Requirement:
Once you find the line with "80's Sheath Hibiscus" in the entries below, return exactly every line from it through the line with "Los jugadores de".

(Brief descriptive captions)
- Opening Delimiter -
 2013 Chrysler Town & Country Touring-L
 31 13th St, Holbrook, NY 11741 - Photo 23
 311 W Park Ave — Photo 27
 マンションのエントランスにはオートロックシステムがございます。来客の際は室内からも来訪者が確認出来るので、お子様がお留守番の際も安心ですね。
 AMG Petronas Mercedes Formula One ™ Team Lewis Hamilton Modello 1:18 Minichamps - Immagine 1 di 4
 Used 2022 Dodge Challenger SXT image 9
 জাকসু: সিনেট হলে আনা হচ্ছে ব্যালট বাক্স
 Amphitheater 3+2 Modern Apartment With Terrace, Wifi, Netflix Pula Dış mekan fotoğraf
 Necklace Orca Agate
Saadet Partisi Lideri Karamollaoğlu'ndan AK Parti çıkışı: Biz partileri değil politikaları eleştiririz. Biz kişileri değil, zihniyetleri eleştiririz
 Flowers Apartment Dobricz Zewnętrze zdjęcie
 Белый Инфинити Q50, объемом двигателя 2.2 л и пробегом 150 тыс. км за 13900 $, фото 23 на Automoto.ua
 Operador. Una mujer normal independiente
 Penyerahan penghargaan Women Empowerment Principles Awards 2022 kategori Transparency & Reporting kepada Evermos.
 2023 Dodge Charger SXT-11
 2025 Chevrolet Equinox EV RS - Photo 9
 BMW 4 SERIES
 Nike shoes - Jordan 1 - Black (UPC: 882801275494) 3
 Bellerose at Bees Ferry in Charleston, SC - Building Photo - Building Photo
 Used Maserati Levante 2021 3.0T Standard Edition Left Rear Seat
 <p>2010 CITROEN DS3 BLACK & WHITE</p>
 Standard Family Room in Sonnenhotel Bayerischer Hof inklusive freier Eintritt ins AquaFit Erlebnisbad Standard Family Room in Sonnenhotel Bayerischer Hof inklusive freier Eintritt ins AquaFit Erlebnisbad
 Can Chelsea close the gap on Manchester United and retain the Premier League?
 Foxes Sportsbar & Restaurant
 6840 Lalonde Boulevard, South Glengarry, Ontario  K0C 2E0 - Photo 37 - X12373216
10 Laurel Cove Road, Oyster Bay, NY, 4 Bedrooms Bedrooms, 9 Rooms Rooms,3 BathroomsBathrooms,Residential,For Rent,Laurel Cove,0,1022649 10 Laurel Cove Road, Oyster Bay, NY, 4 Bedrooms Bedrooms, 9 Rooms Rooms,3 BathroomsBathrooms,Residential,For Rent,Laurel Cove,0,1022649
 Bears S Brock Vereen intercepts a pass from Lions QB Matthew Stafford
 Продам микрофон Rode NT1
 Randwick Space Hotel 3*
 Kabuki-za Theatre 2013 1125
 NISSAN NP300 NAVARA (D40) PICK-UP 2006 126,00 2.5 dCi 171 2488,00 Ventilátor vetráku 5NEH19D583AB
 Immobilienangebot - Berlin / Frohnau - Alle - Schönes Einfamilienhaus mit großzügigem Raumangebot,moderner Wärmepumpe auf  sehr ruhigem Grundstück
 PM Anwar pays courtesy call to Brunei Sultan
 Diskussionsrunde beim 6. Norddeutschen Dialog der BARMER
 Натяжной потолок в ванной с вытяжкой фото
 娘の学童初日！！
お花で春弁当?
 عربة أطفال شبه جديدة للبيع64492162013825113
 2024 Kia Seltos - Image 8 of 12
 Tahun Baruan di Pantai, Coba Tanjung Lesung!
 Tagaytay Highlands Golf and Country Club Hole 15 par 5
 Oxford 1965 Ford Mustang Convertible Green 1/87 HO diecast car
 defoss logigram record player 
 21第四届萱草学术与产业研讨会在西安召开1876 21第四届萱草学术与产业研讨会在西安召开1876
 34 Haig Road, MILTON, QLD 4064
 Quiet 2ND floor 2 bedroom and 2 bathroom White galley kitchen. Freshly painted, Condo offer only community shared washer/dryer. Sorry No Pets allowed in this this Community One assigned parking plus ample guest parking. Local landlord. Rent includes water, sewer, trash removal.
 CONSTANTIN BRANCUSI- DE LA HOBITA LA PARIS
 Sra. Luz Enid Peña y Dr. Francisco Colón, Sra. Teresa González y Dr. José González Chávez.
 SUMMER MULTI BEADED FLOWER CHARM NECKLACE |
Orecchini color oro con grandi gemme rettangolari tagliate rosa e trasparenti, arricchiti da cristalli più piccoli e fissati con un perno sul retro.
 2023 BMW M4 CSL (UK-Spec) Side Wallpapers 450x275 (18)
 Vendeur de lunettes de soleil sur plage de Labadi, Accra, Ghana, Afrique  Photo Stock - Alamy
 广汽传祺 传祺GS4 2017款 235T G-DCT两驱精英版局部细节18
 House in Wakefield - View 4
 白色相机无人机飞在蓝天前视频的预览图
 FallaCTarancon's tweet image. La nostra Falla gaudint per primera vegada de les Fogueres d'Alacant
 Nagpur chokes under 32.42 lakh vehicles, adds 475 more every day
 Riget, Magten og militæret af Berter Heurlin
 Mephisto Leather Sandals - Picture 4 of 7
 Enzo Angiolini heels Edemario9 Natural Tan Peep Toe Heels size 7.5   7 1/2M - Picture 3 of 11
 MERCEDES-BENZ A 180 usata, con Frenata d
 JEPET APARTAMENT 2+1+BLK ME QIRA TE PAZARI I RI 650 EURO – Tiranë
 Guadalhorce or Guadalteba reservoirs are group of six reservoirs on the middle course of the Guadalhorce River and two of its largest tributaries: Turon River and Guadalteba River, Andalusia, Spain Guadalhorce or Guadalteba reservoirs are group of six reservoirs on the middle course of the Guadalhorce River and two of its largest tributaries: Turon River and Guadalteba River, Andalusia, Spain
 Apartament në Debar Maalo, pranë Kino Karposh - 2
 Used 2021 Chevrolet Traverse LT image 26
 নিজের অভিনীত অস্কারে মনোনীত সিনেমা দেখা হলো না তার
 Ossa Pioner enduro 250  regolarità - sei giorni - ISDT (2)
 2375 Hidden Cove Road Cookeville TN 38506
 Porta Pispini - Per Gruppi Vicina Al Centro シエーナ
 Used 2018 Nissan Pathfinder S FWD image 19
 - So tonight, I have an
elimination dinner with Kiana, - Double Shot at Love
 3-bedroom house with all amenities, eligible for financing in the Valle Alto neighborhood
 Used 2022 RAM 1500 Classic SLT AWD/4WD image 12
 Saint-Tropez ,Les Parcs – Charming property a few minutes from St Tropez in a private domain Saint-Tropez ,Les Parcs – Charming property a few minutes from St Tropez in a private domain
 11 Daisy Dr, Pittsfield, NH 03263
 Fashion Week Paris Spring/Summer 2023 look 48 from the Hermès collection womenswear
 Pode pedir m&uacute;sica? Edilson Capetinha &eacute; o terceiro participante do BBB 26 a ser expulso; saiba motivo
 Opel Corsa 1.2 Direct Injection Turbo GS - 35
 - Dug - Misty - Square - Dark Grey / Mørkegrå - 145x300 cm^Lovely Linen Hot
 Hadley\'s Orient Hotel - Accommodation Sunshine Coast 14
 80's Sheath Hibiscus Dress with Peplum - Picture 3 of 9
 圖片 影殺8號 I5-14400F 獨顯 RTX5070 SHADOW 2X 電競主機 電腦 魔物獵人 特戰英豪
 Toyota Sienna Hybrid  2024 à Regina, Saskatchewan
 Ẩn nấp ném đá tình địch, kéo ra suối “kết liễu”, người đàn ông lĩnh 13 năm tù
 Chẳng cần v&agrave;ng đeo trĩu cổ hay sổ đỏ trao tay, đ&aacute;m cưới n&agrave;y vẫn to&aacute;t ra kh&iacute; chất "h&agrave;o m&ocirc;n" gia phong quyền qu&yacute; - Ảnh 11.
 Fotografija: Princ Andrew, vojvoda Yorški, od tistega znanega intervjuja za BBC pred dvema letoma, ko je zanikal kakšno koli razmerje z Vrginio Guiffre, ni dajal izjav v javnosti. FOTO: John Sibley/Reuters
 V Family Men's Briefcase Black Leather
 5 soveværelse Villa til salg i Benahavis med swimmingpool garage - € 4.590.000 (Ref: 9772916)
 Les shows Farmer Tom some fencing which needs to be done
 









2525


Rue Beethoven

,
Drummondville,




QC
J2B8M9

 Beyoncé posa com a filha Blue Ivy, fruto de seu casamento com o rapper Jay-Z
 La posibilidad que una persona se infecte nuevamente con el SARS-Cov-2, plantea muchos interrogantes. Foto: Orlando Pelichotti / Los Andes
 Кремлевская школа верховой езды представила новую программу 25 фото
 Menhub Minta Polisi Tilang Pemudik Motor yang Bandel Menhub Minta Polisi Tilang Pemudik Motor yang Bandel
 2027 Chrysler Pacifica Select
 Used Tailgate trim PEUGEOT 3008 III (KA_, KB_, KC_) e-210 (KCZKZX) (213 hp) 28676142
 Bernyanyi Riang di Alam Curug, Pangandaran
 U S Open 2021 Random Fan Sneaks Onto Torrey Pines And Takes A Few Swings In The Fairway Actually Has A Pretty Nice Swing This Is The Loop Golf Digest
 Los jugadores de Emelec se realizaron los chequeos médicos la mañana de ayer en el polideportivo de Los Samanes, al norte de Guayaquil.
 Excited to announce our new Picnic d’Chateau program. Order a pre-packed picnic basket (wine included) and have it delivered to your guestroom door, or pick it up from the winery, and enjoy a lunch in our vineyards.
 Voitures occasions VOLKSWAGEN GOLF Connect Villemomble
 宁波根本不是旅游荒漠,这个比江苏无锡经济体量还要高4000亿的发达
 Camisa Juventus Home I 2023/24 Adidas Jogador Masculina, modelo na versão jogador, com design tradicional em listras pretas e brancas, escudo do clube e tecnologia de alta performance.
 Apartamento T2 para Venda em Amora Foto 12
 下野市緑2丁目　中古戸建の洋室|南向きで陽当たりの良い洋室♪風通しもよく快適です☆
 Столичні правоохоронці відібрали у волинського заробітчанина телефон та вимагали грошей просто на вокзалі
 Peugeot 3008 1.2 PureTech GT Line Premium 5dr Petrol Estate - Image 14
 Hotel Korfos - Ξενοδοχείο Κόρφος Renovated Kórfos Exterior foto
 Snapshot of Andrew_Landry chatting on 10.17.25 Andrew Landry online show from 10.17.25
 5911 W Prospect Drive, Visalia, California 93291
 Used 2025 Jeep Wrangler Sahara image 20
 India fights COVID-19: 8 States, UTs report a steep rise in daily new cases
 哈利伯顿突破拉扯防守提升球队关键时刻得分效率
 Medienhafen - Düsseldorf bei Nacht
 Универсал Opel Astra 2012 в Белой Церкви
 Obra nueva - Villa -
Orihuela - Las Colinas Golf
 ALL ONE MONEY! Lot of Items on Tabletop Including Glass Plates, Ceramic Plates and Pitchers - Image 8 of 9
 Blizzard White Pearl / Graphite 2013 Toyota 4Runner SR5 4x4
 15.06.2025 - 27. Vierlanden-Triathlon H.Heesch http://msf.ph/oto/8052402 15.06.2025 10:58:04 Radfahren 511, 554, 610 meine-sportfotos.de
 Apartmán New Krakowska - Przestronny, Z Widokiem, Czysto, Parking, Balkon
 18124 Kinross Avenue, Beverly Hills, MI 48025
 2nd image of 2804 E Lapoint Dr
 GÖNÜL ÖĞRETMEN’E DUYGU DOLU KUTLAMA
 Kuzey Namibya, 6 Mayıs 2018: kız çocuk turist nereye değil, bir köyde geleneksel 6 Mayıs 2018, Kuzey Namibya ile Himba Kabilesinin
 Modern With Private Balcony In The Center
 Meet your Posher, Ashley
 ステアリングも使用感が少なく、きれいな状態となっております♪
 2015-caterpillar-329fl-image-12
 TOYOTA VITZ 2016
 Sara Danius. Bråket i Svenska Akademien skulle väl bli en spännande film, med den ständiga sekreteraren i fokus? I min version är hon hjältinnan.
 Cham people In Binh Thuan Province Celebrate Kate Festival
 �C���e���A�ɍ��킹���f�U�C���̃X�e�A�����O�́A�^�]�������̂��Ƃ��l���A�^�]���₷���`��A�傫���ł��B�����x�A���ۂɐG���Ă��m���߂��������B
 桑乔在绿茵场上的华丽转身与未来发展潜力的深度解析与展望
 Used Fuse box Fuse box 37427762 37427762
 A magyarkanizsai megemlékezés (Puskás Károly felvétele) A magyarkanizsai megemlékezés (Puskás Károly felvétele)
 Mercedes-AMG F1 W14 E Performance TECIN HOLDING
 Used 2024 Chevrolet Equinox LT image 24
- Closing Delimiter -
Solution for this task:
 80's Sheath Hibiscus Dress with Peplum - Picture 3 of 9
 圖片 影殺8號 I5-14400F 獨顯 RTX5070 SHADOW 2X 電競主機 電腦 魔物獵人 特戰英豪
 Toyota Sienna Hybrid  2024 à Regina, Saskatchewan
 Ẩn nấp ném đá tình địch, kéo ra suối “kết liễu”, người đàn ông lĩnh 13 năm tù
 Chẳng cần v&agrave;ng đeo trĩu cổ hay sổ đỏ trao tay, đ&aacute;m cưới n&agrave;y vẫn to&aacute;t ra kh&iacute; chất "h&agrave;o m&ocirc;n" gia phong quyền qu&yacute; - Ảnh 11.
 Fotografija: Princ Andrew, vojvoda Yorški, od tistega znanega intervjuja za BBC pred dvema letoma, ko je zanikal kakšno koli razmerje z Vrginio Guiffre, ni dajal izjav v javnosti. FOTO: John Sibley/Reuters
 V Family Men's Briefcase Black Leather
 5 soveværelse Villa til salg i Benahavis med swimmingpool garage - € 4.590.000 (Ref: 9772916)
 Les shows Farmer Tom some fencing which needs to be done
 









2525


Rue Beethoven

,
Drummondville,




QC
J2B8M9

 Beyoncé posa com a filha Blue Ivy, fruto de seu casamento com o rapper Jay-Z
 La posibilidad que una persona se infecte nuevamente con el SARS-Cov-2, plantea muchos interrogantes. Foto: Orlando Pelichotti / Los Andes
 Кремлевская школа верховой езды представила новую программу 25 фото
 Menhub Minta Polisi Tilang Pemudik Motor yang Bandel Menhub Minta Polisi Tilang Pemudik Motor yang Bandel
 2027 Chrysler Pacifica Select
 Used Tailgate trim PEUGEOT 3008 III (KA_, KB_, KC_) e-210 (KCZKZX) (213 hp) 28676142
 Bernyanyi Riang di Alam Curug, Pangandaran
 U S Open 2021 Random Fan Sneaks Onto Torrey Pines And Takes A Few Swings In The Fairway Actually Has A Pretty Nice Swing This Is The Loop Golf Digest
 Los jugadores de Emelec se realizaron los chequeos médicos la mañana de ayer en el polideportivo de Los Samanes, al norte de Guayaquil.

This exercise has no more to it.